| What the task asks |
Print the listing exactly as it stands. Skip every picture.

== Given material

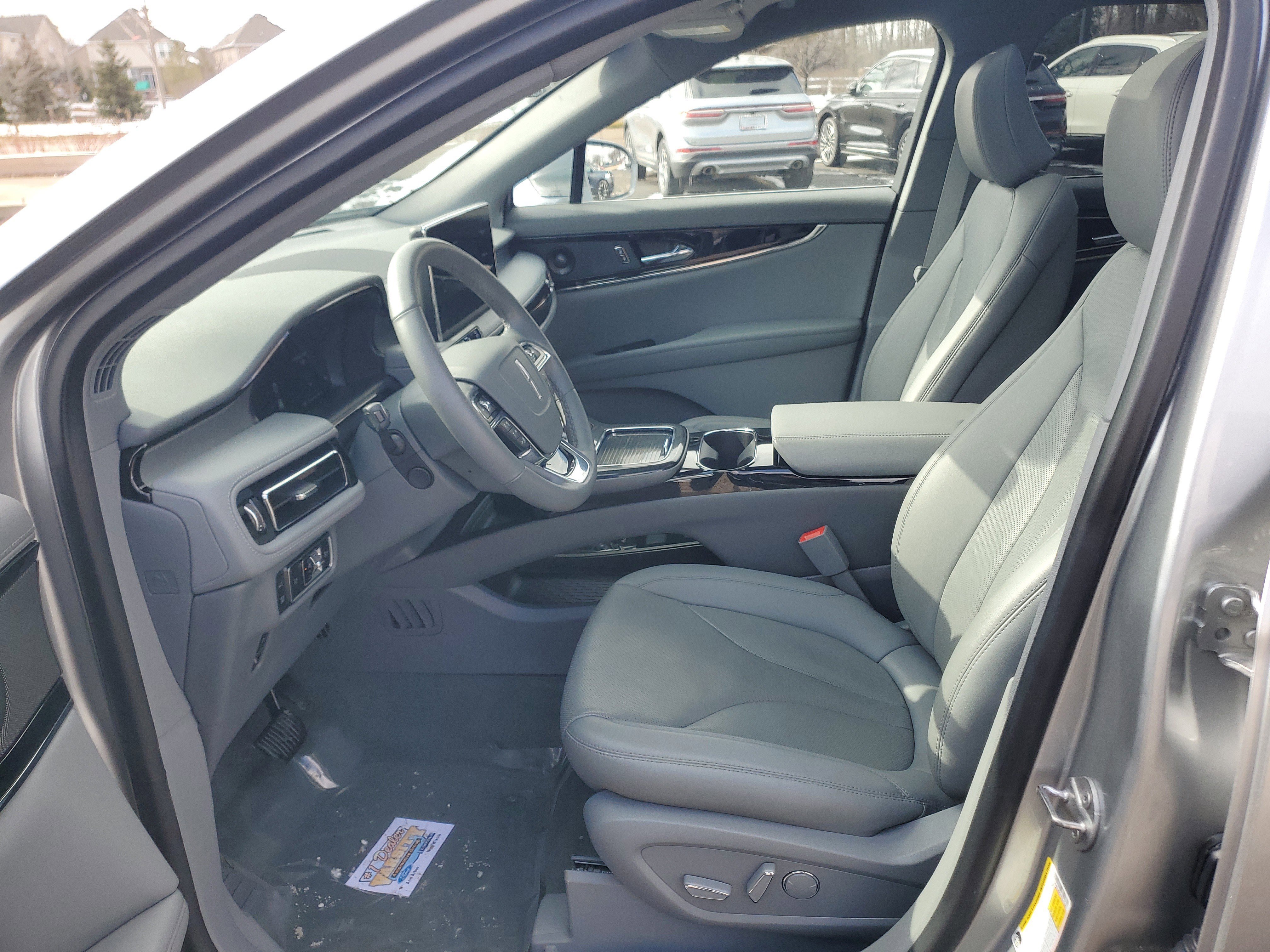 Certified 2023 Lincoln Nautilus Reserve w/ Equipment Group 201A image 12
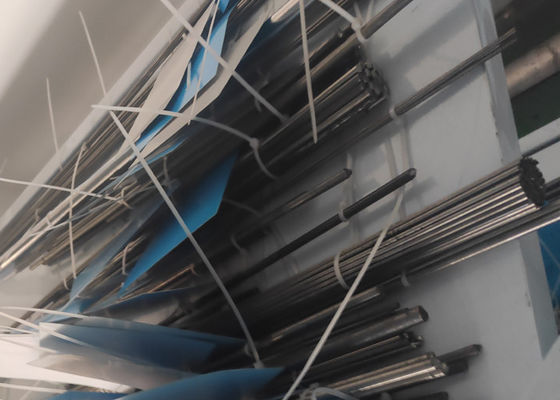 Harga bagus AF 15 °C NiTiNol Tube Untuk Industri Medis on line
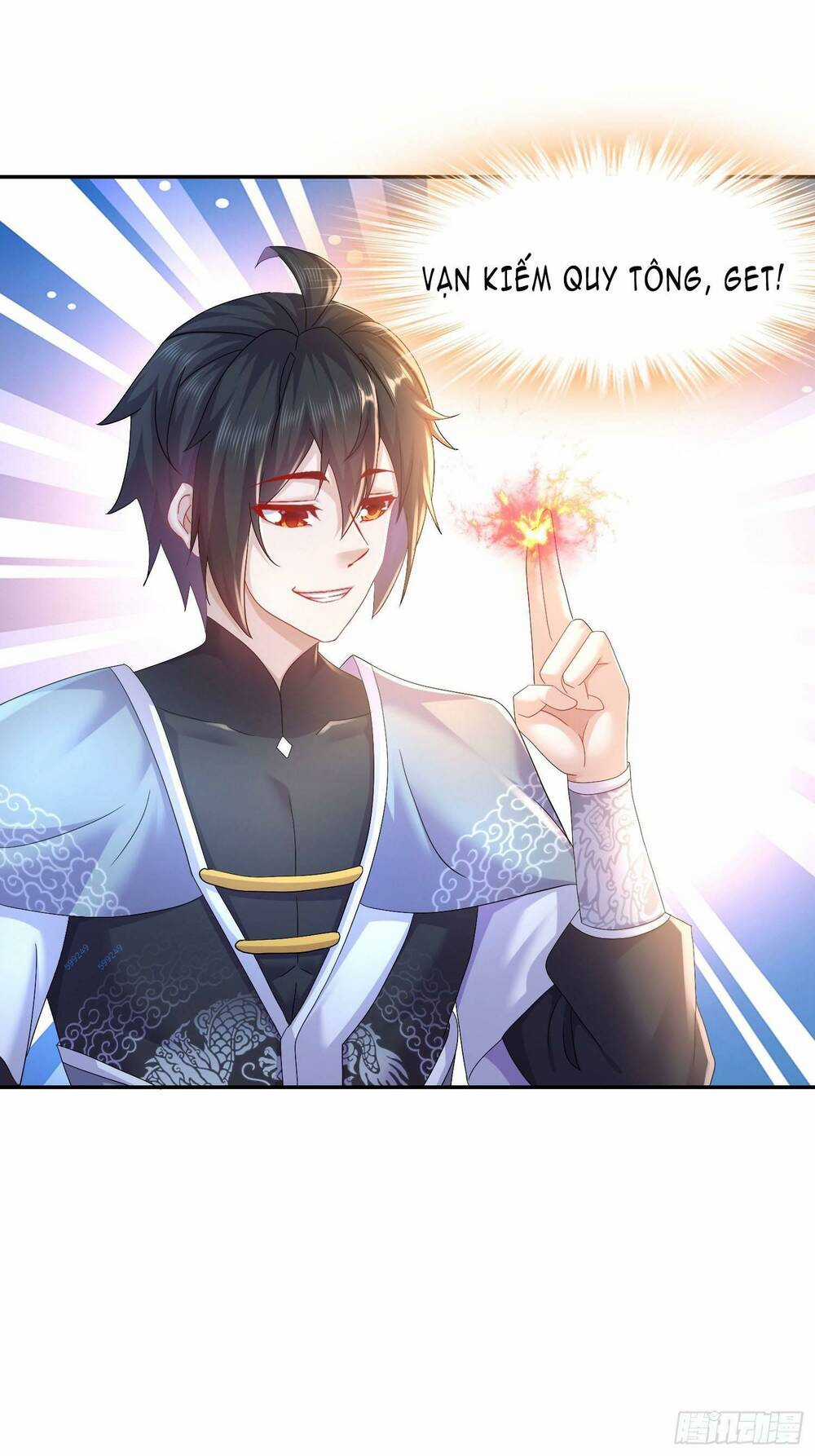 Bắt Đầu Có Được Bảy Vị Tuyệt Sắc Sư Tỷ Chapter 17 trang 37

====

| Exercise solution |
 Certified 2023 Lincoln Nautilus Reserve w/ Equipment Group 201A image 12
 Harga bagus AF 15 °C NiTiNol Tube Untuk Industri Medis on line
 Bắt Đầu Có Được Bảy Vị Tuyệt Sắc Sư Tỷ Chapter 17 trang 37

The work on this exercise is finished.